When we were looking at GDPR for Jisc’s (then) 130+ services, we concluded that much the best place to start was identifying the purpose of the processing and the lawful basis applicable to that. Once we understood those, most of the requirements – including on transparency, safeguards and user rights – could “simply” be looked up in the law.
I’m now wondering whether we can get a similarly helpful collection of guidance by treating “processing that can use anonymous data” as a sort-of seventh lawful basis? Like the guidance we derived from the other six, that should deliver:
- Clear definition (and limitation) of purpose, without which we’re unlikely to get the right kind and level of anonymisation. We might even conclude that the purpose is better achieved using personal data within the GDPR;
- Transparency both about how we can produce the anonymised data we need and – since the anonymisation step involves processing of personal data – how we explain that to data subjects;
- Safeguards, in particular how we ensure that our data are, and remain, anonymised.
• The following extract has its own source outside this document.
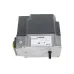 Сервопривод Siemens SQM40.065A23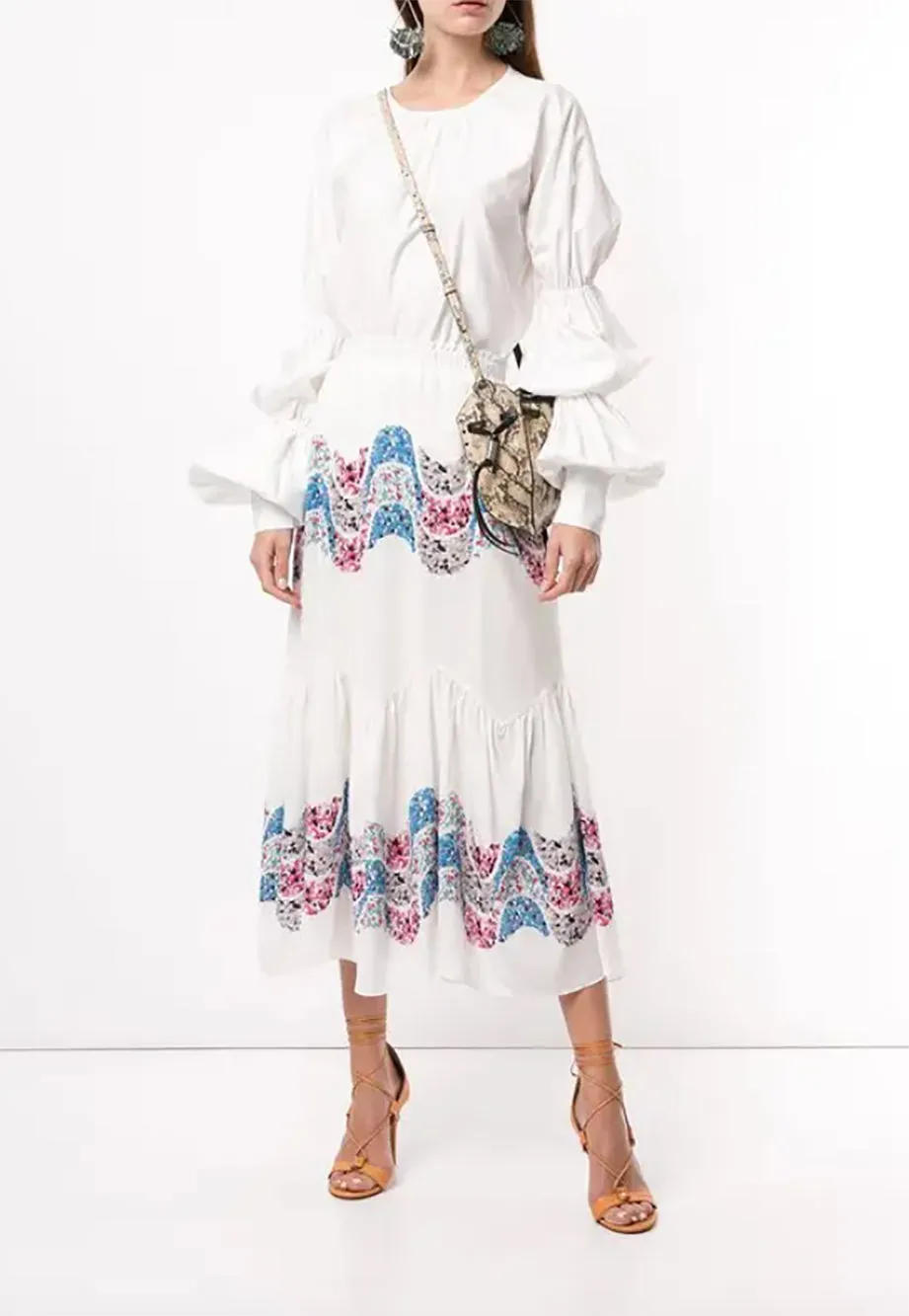 ISABEL MARANT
These will depend on whether we are actually destroying the input personal data (for example aggregating log records to get usage statistics over time), or just removing sufficient information to make re-identification or singling out unlikely. As the UK Anonymisation Network explain, at least the latter approach requires an ongoing risk-management process not dissimilar to the legitimate interests balancing test when using personal data;
- Individual rights, at least those applicable to whatever lawful basis we are using for the anonymisation process, and perhaps also something similar to a “right to object” if the data subject can point out a particular reason why that process doesn’t effectively anonymise them. We should at least learn from the GDPR right to object and use any data subject concerns as prompts to review what we are doing and how we are explaining it, to understand why that isn’t sufficiently reassuring.
The term “anonymous” is used with sufficient variety of meaning that I find it worrying more often than reassuring. Has the speaker actually implemented a process to produce “personal data rendered anonymous in such a manner that the data subject is not or no longer identifiable” (GDPR Rec. 26), or just blanked the “Personally Identifying Information” (the dreaded US term)? Something like the above approach would give me a lot more confidence.